Exercise description | With the pictures set aside, return the lines below exactly, beginning at the first and ending at the line containing "Yellow gold Oval".

(Data supplied Opens)

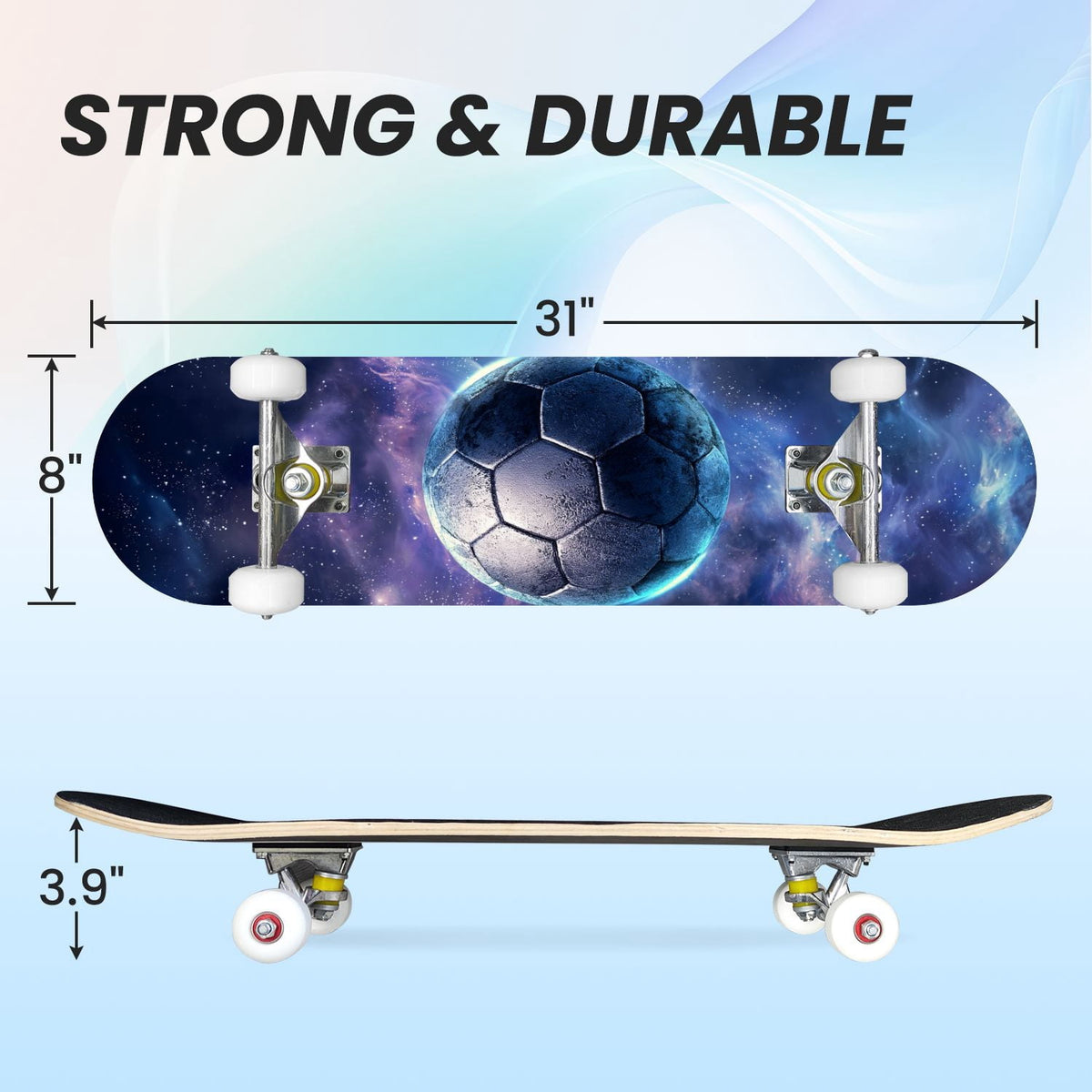31"x8" Complete Skateboards for Beginners,baseball stadium giant baseballs sunset sky Double Kick 7 Ply Canadian Maple Deck Skateboard with Wheels, Gifts for Kids Teens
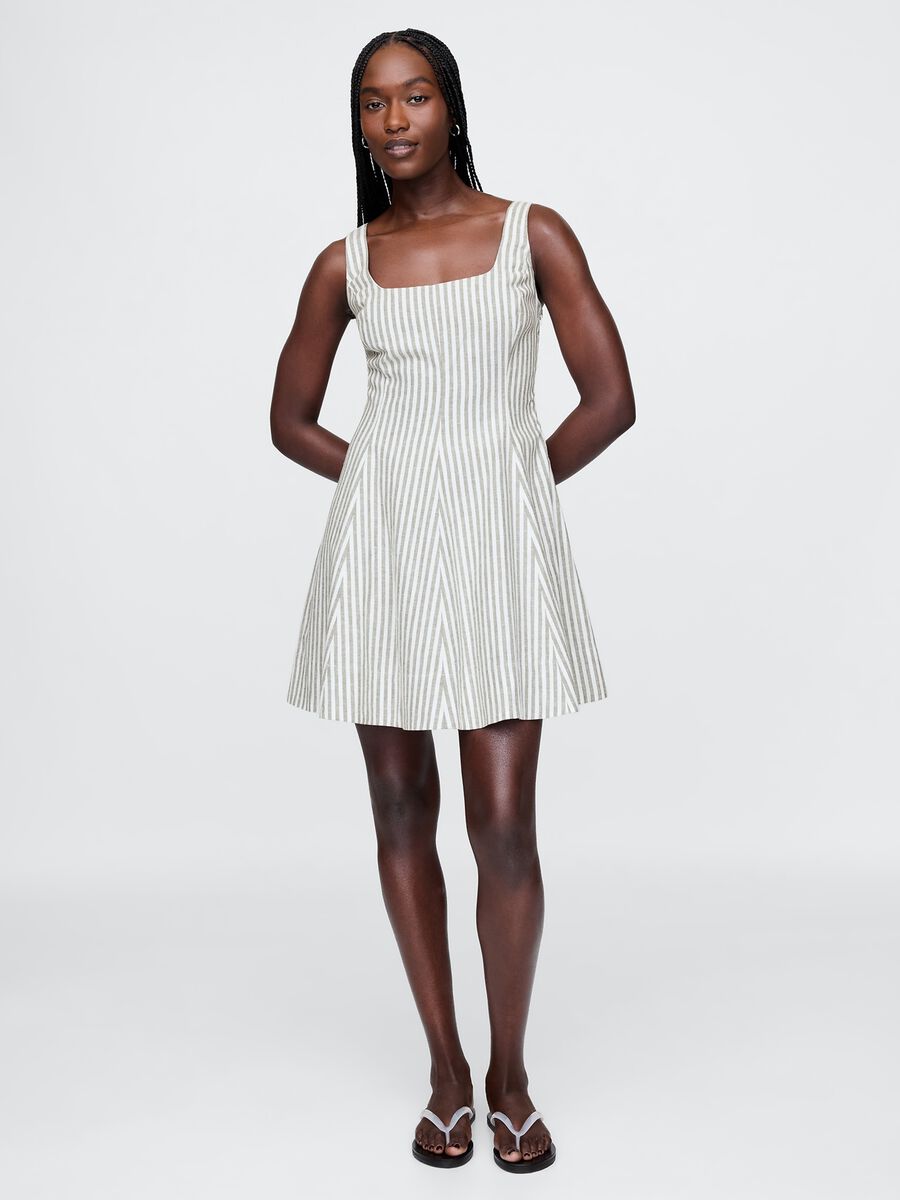 White and grey striped dress in linen and viscose_0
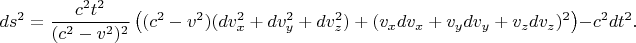 $$ds^2=\frac{c^2t^2}{(c^2-v^2)^2}\left((c^2-v^2)(dv^2_x+dv^2_y+dv^2_z)+(v_xdv_x+v_ydv_y+v_zdv_z)^2\right)-c^2dt^2.$$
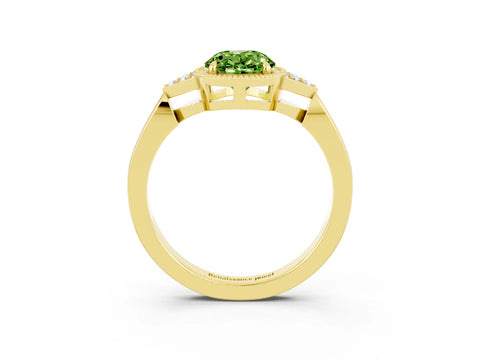Yellow gold Oval Cut Peridot Halo Ring with Tapered Band and Four-Prong Setting_3
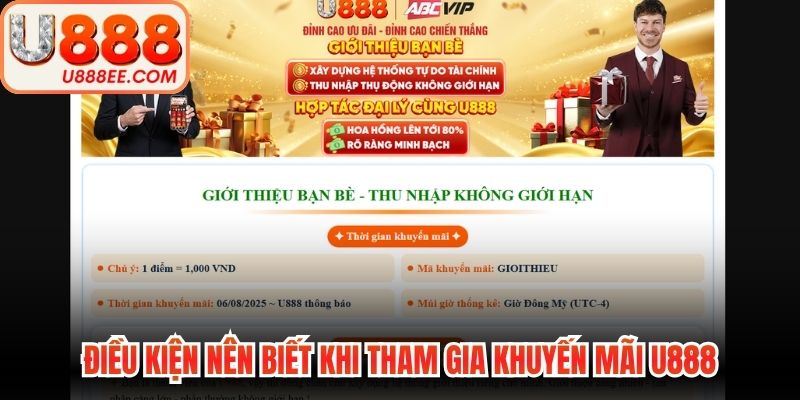 Điều kiện người chơi nên biết khi tham gia khuyến mãi U888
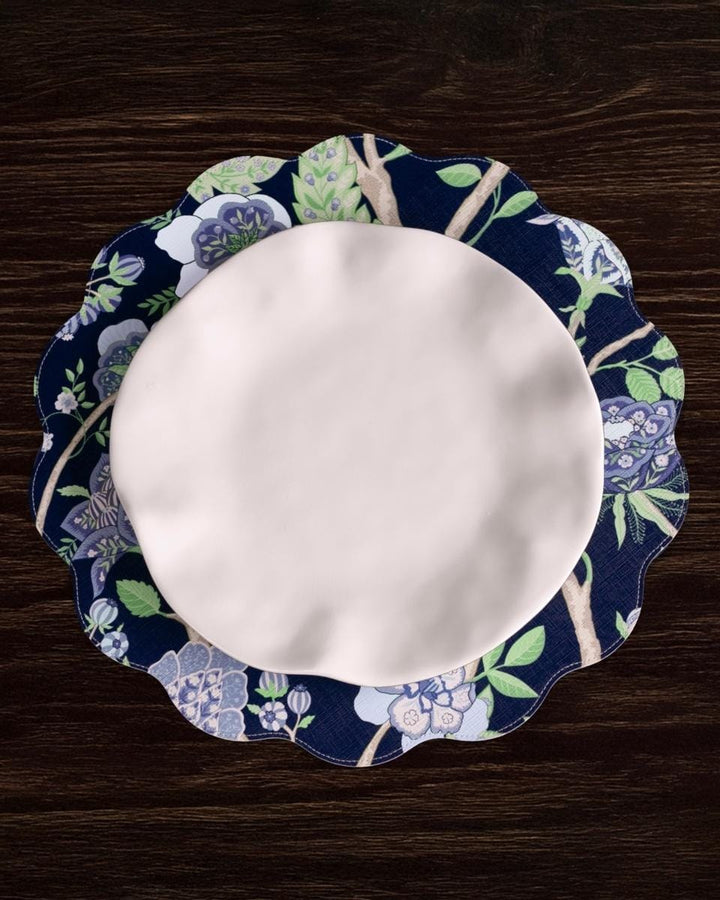 Beatriz Ball Home VIDA Blooms & Branches Reversible Round Placemats Set of 4 Navy & Green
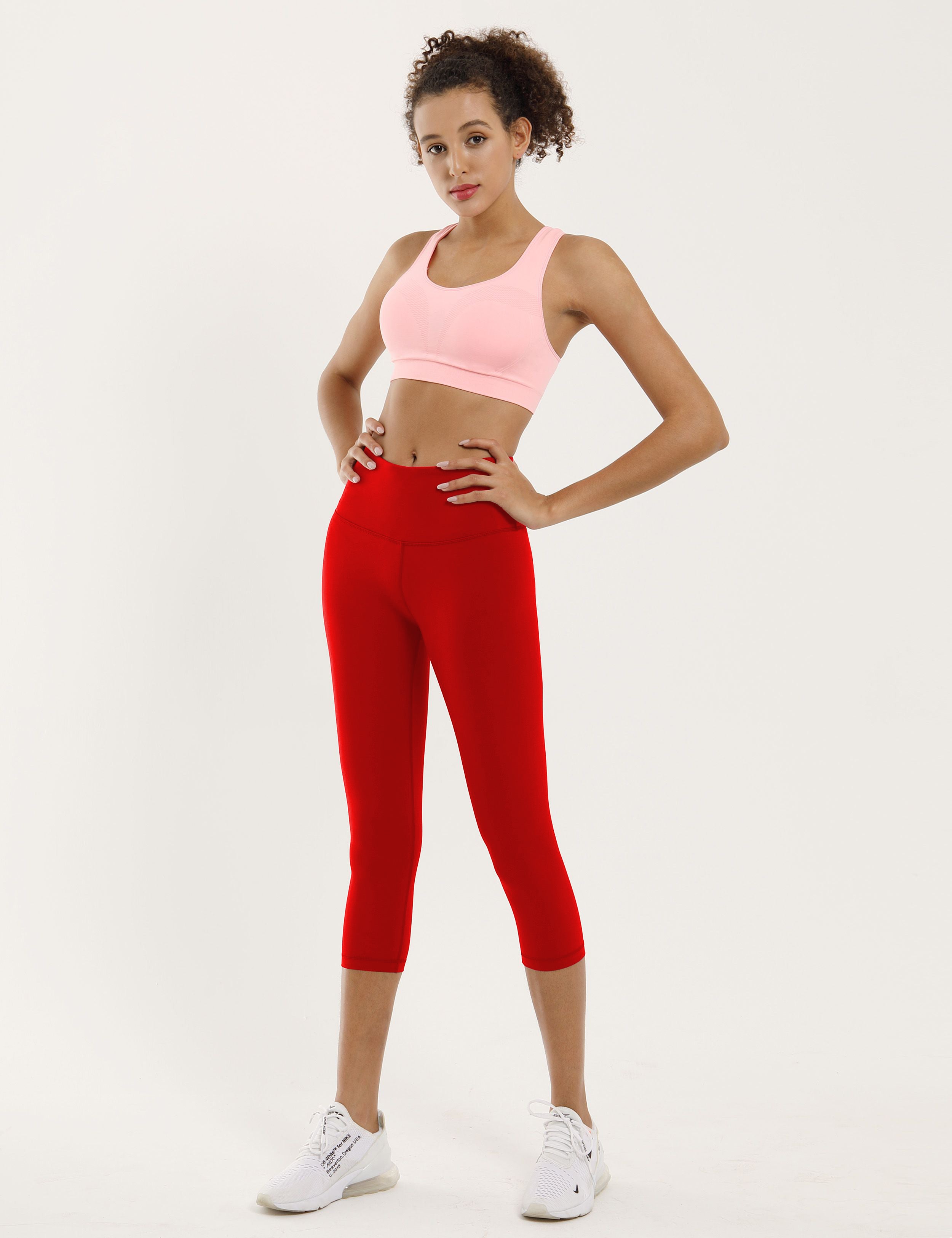 19" High Waist Crop Tight Capris scarlet_Gym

(Data supplied Closes)

Solution below |
31"x8" Complete Skateboards for Beginners,baseball stadium giant baseballs sunset sky Double Kick 7 Ply Canadian Maple Deck Skateboard with Wheels, Gifts for Kids Teens
 White and grey striped dress in linen and viscose_0
 $$ds^2=\frac{c^2t^2}{(c^2-v^2)^2}\left((c^2-v^2)(dv^2_x+dv^2_y+dv^2_z)+(v_xdv_x+v_ydv_y+v_zdv_z)^2\right)-c^2dt^2.$$
Yellow gold Oval Cut Peridot Halo Ring with Tapered Band and Four-Prong Setting_3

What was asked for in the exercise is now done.